Bytespider is bypassing CF despite rules being applied. What’s also interesting is the analytics are showing no activity yet the host, Kinsta, says the site was accessed by Bytespider indeed.
What steps have you taken to resolve the issue?
Reached out to support to confirm it was Bytespider. It was indeed
I’d suggest and consider replacing the “equals” with the “contains” operator to catch it with your Custom Firewall Rule, since it might have something more in the “user-agent” name than just Bytespider to immitate real user with a real Web browser (even headless version supporting JS, etc.)

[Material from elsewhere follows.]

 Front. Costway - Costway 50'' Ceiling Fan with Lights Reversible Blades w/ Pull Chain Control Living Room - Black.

Mozilla/5.0 (Linux; Android 8.0; Pixel 2 Build/OPD3.170816.012) AppleWebKit/537.36 (KHTML, like Gecko) Chrome/56.0.1511.1269 Mobile Safari/537.36; Bytespider
Mozilla/5.0 (iPhone; CPU iPhone OS 11_0 like Mac OS X) AppleWebKit/537.36 (KHTML, like Gecko) Chrome/44.0.7997.1233 Mobile Safari/537.36; Bytespider
Furthermore, since I am not ackonwledged enough if it’s actually doing any harm (except the “only” crawling, scrapping, etc. which is also in a “grey” area of the activities) which would result in Cloudflare’s ML to block it by default or challenge, or something else.

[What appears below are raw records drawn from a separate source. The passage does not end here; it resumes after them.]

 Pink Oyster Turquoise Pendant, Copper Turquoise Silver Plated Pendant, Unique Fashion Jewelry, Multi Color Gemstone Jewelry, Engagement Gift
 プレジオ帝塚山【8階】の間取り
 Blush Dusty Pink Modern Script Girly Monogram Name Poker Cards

Hey Fritex, thanks. My other concern was why was there no activity showing? I’ve had this rule in place for months and it’s always been set to zero. Thanks
My 2 cents because the user-agent name string contained more than just “Bytespider”, therefrom the Custom Firewall Rule couldn’t catch an HTTP request coming from the tool, device, bot which in it’s name contains only the “Bytespider” alone without any other part (and characters).
Could be I am wrong, however from my experience this is mostly the thing of how to block them and have more accurate Firewall Rules setup for better security and protection.

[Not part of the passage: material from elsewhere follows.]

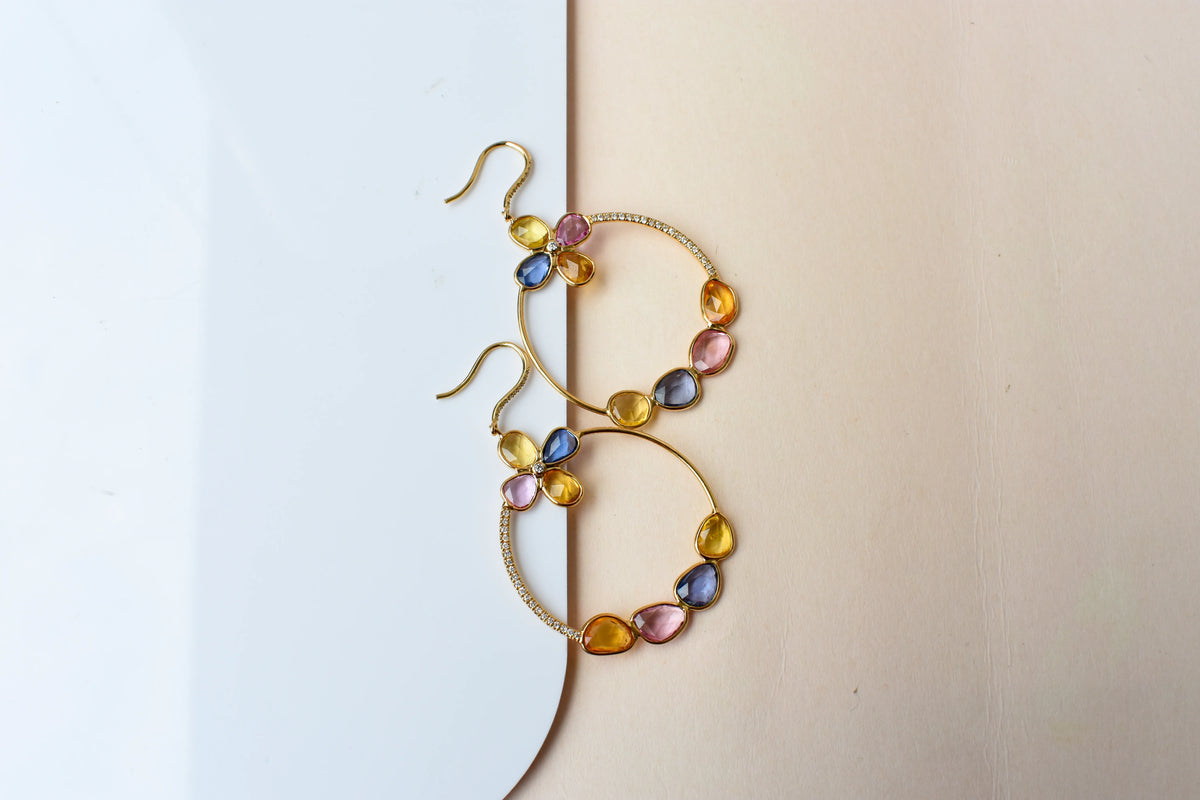18K gold hoop earrings with sapphire, citrine and diamond flower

Once you successfully catch it, you can see the IPs comming from and requests trying to dig of your Website. Aftermath would be to either block the whole ASNs once you determine it via the IPs, which would cut the traffic coming from it to your Website.
Some articles which I’ve found in the meantime after writing a reply:
Not sure I follow, what do you mean by because the name string contained more than just bytespider? That’s all that’s in there is bytespider for its rule and bytedance for it and so on. That’s the proper way to block multiple bots at the same time without having to write 100 rules.
If we look at the example from below, of the user-agent, it does contains Bytespider (can be seen and read at the end) visits your website with your Firewall Rule where you are using “equals” instead of “contains”, will never catch such requests and would always pass through, ending you’d nevers see any “bytespider” being blocked/challenged with your Firewall Rule with “equals” operator:
Mozilla/5.0 (Linux; Android 8.0; Pixel 2 Build/OPD3.170816.012) AppleWebKit/537.36 (KHTML, like Gecko) Chrome/56.0.1511.1269 Mobile Safari/537.36; Bytespider
So, the HTTP request comming to your Website passes the rule.
If you change it to “contains”, then if there’s any “bytespider” seen in such long user-agent name, it will block it as we want it.
Correct, only try to use “contains” as the operator
In my example from below, I catch a lot of bots with “contains”, therefore a lot of combinations are covered with “contains”.
Otherwise, I’d have to know all of the combinations and full user-agent names as they exist or will be created in future.